A letter sent today by the ACLU to Harley Lappin, director of the Federal Bureau of Prisons, reveals that prisoners living in the Special Confinement Unit (SCU) of the United States Penitentiary in Terre Haute – home to the more than 50 men living on federal death row – are denied access to basic medical care, basic mental health care services, timely and adequate dental care and are subjected to incessant noise that causes sleep deprivation and psychological and physiological stress.
"Our findings should be a clear wake up call for federal prison officials and should prompt them to do whatever is necessary to ensure that they are fulfilling their constitutional obligations to provide adequate levels of care," said Gabriel B. Eber, attorney with the ACLU's National Prison Project, who wrote the letter to Lappin after spending the past year investigating the SCU by interviewing prisoners and reviewing hundreds of pages of prison records. "The Constitution prohibits deliberate indifference to the serious medical needs of prisoners, including those sentenced to die."
According to the ACLU's letter, prison officials do not promptly respond to medical emergencies, access to acute health care is woefully deficient, prisoners who need medicine face substantial obstacles getting prescriptions filled and signs of potentially serious medical conditions are consistently ignored.
Earlier this year, for example, a prisoner suffering from a cardiac emergency spent more than 45 minutes pressing the emergency call button in his cell before receiving any kind of a response. It took three additional hours for a physician to arrive and only then was the prisoner transported to the emergency room where he received the medical care he needed. Upon return from the hospital, however, it was five days before the prisoner received his first dose of the medication prescribed by the hospital cardiologist.
"The failure of prison officials to adequately respond to the medical emergencies of prisoners, and to ensure proper access to critical medications, is inexplicable and could well result in prisoner deaths," said Eber.
Prisoners are also not adequately evaluated for mental illnesses, according to the ACLU's letter, and those who are diagnosed with mental illnesses are not sufficiently treated. In fact, prisoners housed in the SCU say their regimens of psychotropic medications were discontinued by prison officials upon their arrival in the SCU. One prisoner went so far as to volunteer for execution last year, citing the denial by prison officials of any mental health treatment as a significant factor in his doing so.
Dental care for prisoners in the SCU is grossly and dangerously deficient as well.

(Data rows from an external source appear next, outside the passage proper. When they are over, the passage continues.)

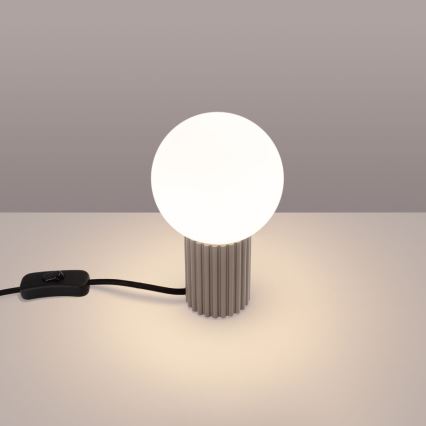 Stolná lampa HALO 1xG9/8W/230V pr. 12 cm béžová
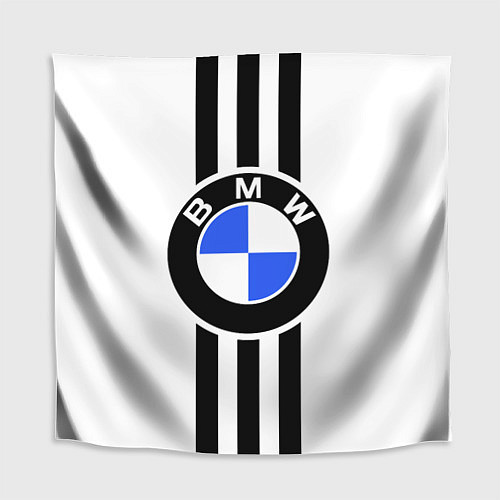 Скатерть для стола BMW: Black Strips / 3D-принт – фото 1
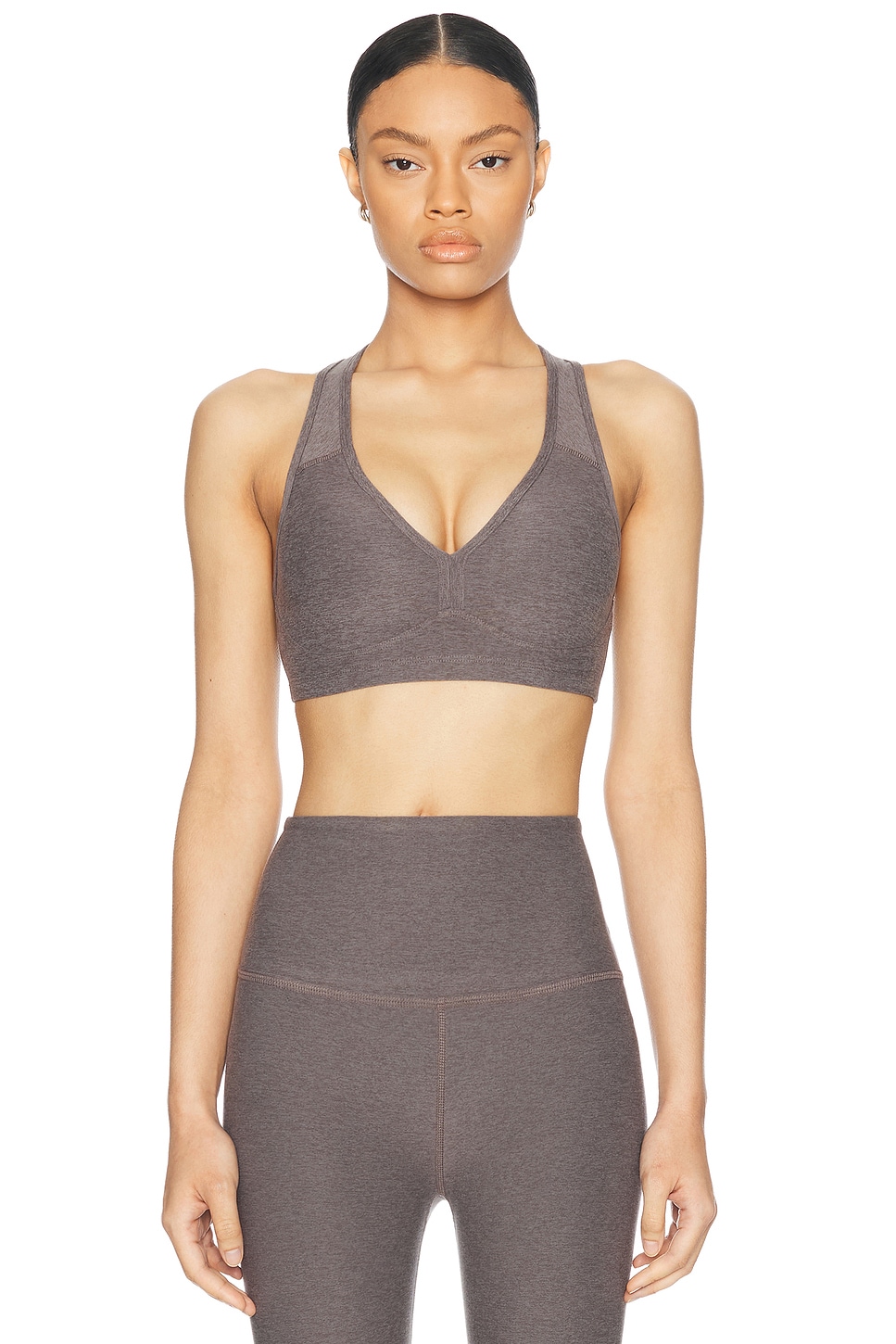 

Спортивный бюстгальтер Spacedye Lift Your Spirits Beyond Yoga, цвет Soft Umber Heather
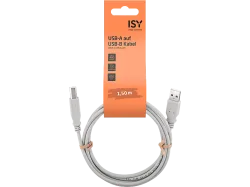 ISY IUB 1015, USB-A auf USB-B Kabel, 1.5 m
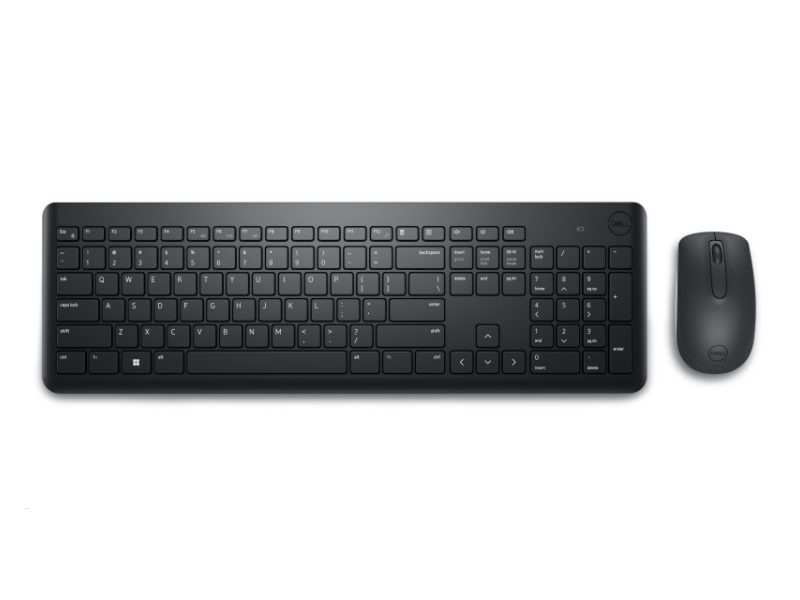 DELL OEM KM3322W Wireless US tastatura + miš crna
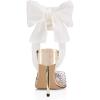 imageFSJ Women High Heel Ankle Strap Sandals Pointed Toe Rivets Pumps PVC Club Dress Shoes with Studs Fashion Size 415 USGold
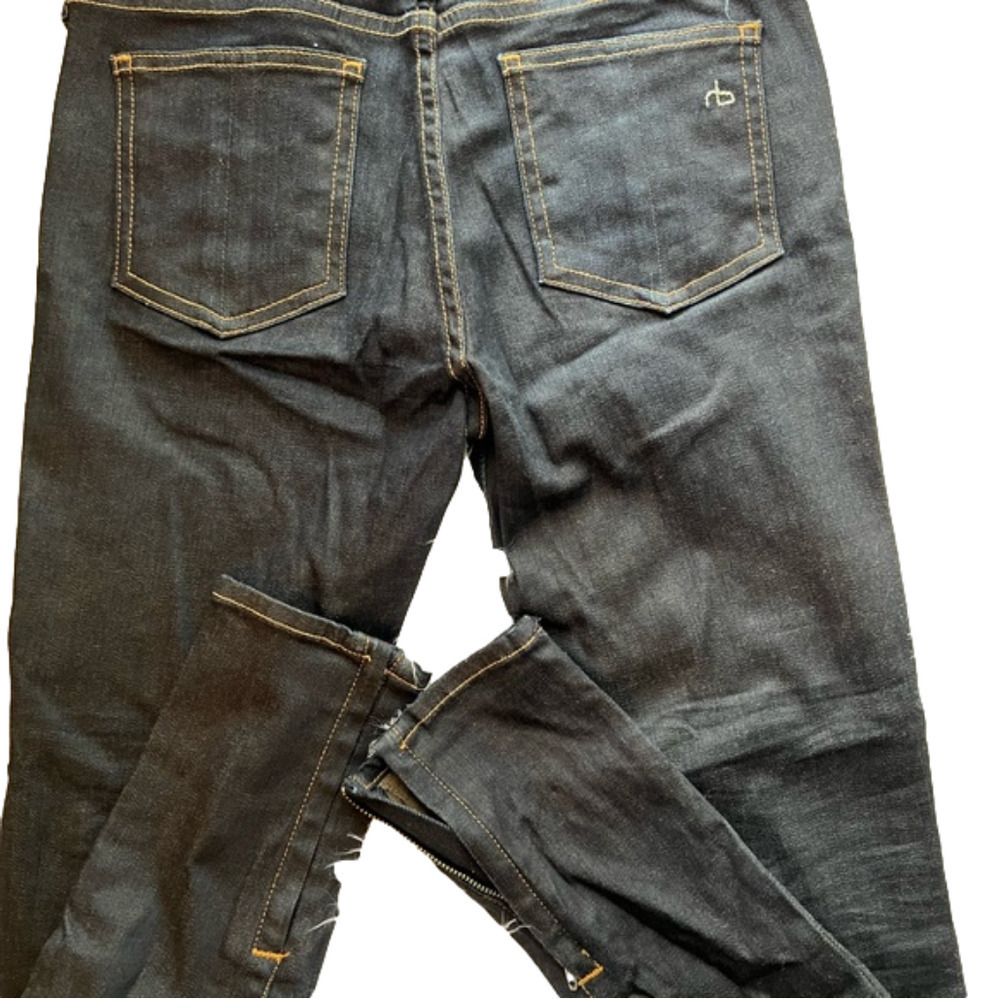 NWOT Rag & Bone For Goop Dark Wash Skinny Jeans 26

Prisoners are regularly forced to wait for months on end in considerable pain while their requests for care are routinely ignored. Care is so poor that some prisoners have chosen to have all of their teeth extracted rather than suffer any further.
Prisoners are also forced to endure a constant bombardment of incessant noise at all hours of the day and night. According to the ACLU's letter, prisoners are subjected to constant banging and screaming from other parts of the institution. They are also subjected to the sounding of several deafening fire alarms each week that last as long as 90 minutes, include flashing strobe lights, and cause significant psychological distress.
"The fact that prisoners are asking to be executed as a means of escaping the horrendous conditions they are forced to contend with on a daily basis is a testament to just how urgently changes are needed," said Eber. "That kind of reality is unworthy of a society that cherishes justice and fairness."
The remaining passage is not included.